British computer expert

Michael Lawrie (born 17 April 1968) is a British computer security and social networking expert known for many things ranging from running MUDs to accidentally being the world's first Cybersquatter. He lives in Cambridge, England where he created (and runs) the Cambridge Freecycle group, one of the largest in Europe.

== Early involvement in MUDS ==
While at the University of Leeds, he took over management of MUD1 at Essex University in 1987. MUD1 was the first online role playing world, played by text through X.25/PSS and later Telnet.

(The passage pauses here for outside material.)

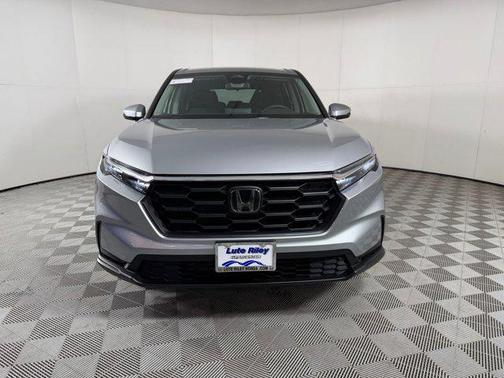 2026 Honda CR-V LX 2WD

After its shutdown he carried on running MIST, another early virtual world, until he closed that down in 1991. Famous then simply as Lorry, he wrote the seminal guide for MUD management "Confessions of an Arch-Wizard". Years later he wrote a few updates to this explaining how it all worked in practice.

In 1988 he took over the AberMUD project for a year, running a standard distribution of the game at Southampton University, Leeds University and the IBM PC Users Group. He also managed a VAX based mud at St David's University College, Lampeter. Lawrie was the first person to send out the AberMUD source code to Vijay Subramaniam thus starting the proliferation of MUDs throughout the world.

== IRC ==
Lawrie has been involved in IRC (Internet Relay Chat) since it first left Finland and had his first IRC Operator on Vijay Subramaniam's IRC Server in 1989. Since then he has been heavily involved in IRC both in the UK and worldwide and was central in creating Ircnet when the European servers split away from EFnet.

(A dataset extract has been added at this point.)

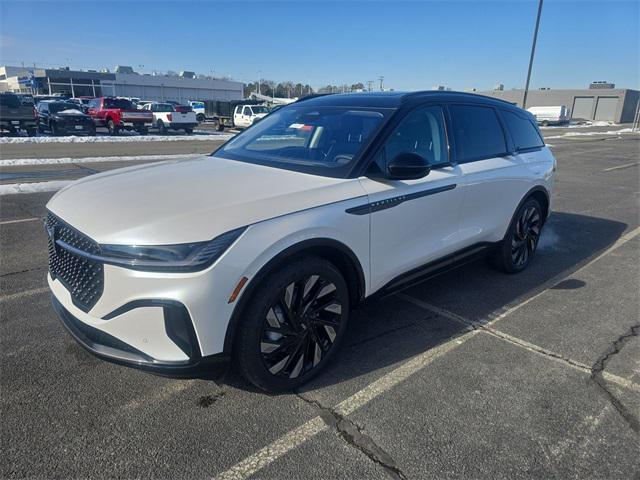new 2026 Lincoln Nautilus car, priced at $71,295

== Public access systems ==
Michael Lawrie is an ardent supporter of free, public-access systems and servers and is deeply rooted in the history of such services and in the development and opening up of the internet in the UK. He was one of the management team of Edinburgh University's Tardis Project in 1987 and later managed HICOM, a joint project between the British Computer Society, the British Psychological Society, Digital Equipment Corporation and British Telecom into HCI and CSCW. HICOM's VMS system was open to anybody who wanted an account and as well as being famous for being the only machine that the hacker Kevin Mitnick ever had a legitimate account on. It was also the first public access Internet service provider in the UK.

== Career ==
In his non-online life Michael Lawrie started off as systems and security manager and computer misuse expert and is now a Commercial Security Consultant and threat assessment specialist. He has worked for a number of large companies and headed up the Commercial Security team at British Telecom.

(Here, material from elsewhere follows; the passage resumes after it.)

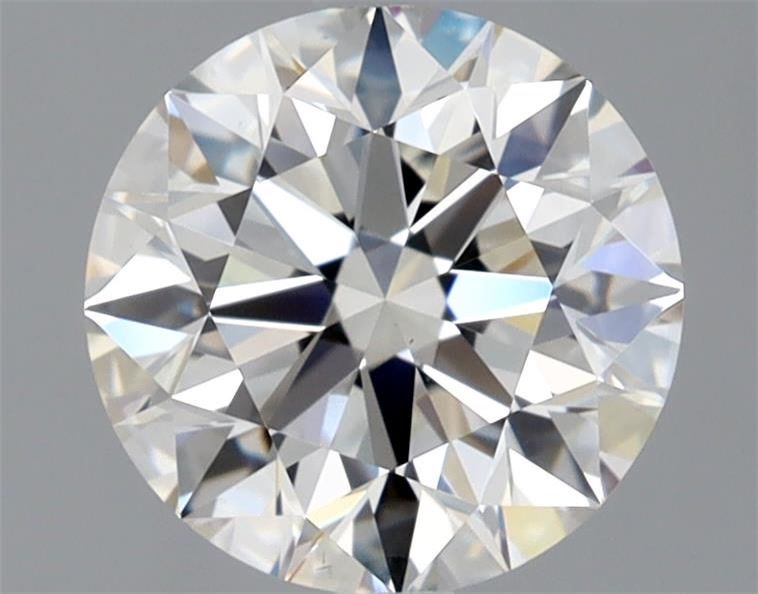 Diamond Natural 1,62Ct I-VS1 Round - GIA2245016925 1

Online he was the head of the Trust and Safety division at OkCupid
== Historical preservation ==
He is the owner of a huge collection of historical computers, calculators, peripherals, electronic games, and more than a tonne of technical documentation. It contains more than 200 microcomputers dating from 1968 onwards and a number of larger machines, including significant VAXes and old PDPs. The collection is not currently available for public view.